*Instructions to follow*. Copy each of the following entries back without change.

*Data supplied*.
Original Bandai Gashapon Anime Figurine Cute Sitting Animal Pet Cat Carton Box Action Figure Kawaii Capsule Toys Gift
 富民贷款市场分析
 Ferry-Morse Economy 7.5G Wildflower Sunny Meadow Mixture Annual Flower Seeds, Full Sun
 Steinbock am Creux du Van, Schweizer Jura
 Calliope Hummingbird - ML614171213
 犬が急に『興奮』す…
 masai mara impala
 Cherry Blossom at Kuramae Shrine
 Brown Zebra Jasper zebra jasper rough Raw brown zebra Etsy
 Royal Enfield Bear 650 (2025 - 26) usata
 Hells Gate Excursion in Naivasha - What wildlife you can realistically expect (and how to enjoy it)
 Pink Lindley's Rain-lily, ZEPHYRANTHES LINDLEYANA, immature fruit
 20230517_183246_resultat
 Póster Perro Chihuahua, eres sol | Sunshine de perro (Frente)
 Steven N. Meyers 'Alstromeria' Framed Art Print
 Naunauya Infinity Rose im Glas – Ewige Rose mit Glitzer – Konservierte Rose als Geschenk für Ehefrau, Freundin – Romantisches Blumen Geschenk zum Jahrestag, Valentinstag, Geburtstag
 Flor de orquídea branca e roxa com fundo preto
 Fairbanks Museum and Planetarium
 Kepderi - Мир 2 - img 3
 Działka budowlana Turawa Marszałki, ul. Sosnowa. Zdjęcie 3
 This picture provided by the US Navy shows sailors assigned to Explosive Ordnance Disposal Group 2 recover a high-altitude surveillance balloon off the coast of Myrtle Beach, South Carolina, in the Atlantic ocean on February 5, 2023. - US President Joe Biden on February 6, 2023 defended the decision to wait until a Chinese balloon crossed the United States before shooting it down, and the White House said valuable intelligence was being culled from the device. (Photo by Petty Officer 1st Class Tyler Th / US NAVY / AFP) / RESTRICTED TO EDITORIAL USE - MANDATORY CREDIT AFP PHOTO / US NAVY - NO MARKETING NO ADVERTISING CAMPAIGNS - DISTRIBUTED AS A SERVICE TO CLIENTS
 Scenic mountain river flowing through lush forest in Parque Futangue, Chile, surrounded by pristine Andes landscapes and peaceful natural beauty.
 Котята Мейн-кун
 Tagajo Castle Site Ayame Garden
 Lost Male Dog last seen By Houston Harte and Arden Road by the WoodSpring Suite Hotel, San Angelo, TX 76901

*Task output*.
Original Bandai Gashapon Anime Figurine Cute Sitting Animal Pet Cat Carton Box Action Figure Kawaii Capsule Toys Gift
 富民贷款市场分析
 Ferry-Morse Economy 7.5G Wildflower Sunny Meadow Mixture Annual Flower Seeds, Full Sun
 Steinbock am Creux du Van, Schweizer Jura
 Calliope Hummingbird - ML614171213
 犬が急に『興奮』す…
 masai mara impala
 Cherry Blossom at Kuramae Shrine
 Brown Zebra Jasper zebra jasper rough Raw brown zebra Etsy
 Royal Enfield Bear 650 (2025 - 26) usata
 Hells Gate Excursion in Naivasha - What wildlife you can realistically expect (and how to enjoy it)
 Pink Lindley's Rain-lily, ZEPHYRANTHES LINDLEYANA, immature fruit
 20230517_183246_resultat
 Póster Perro Chihuahua, eres sol | Sunshine de perro (Frente)
 Steven N. Meyers 'Alstromeria' Framed Art Print
 Naunauya Infinity Rose im Glas – Ewige Rose mit Glitzer – Konservierte Rose als Geschenk für Ehefrau, Freundin – Romantisches Blumen Geschenk zum Jahrestag, Valentinstag, Geburtstag
 Flor de orquídea branca e roxa com fundo preto
 Fairbanks Museum and Planetarium
 Kepderi - Мир 2 - img 3
 Działka budowlana Turawa Marszałki, ul. Sosnowa. Zdjęcie 3
 This picture provided by the US Navy shows sailors assigned to Explosive Ordnance Disposal Group 2 recover a high-altitude surveillance balloon off the coast of Myrtle Beach, South Carolina, in the Atlantic ocean on February 5, 2023. - US President Joe Biden on February 6, 2023 defended the decision to wait until a Chinese balloon crossed the United States before shooting it down, and the White House said valuable intelligence was being culled from the device. (Photo by Petty Officer 1st Class Tyler Th / US NAVY / AFP) / RESTRICTED TO EDITORIAL USE - MANDATORY CREDIT AFP PHOTO / US NAVY - NO MARKETING NO ADVERTISING CAMPAIGNS - DISTRIBUTED AS A SERVICE TO CLIENTS
 Scenic mountain river flowing through lush forest in Parque Futangue, Chile, surrounded by pristine Andes landscapes and peaceful natural beauty.
 Котята Мейн-кун
 Tagajo Castle Site Ayame Garden
 Lost Male Dog last seen By Houston Harte and Arden Road by the WoodSpring Suite Hotel, San Angelo, TX 76901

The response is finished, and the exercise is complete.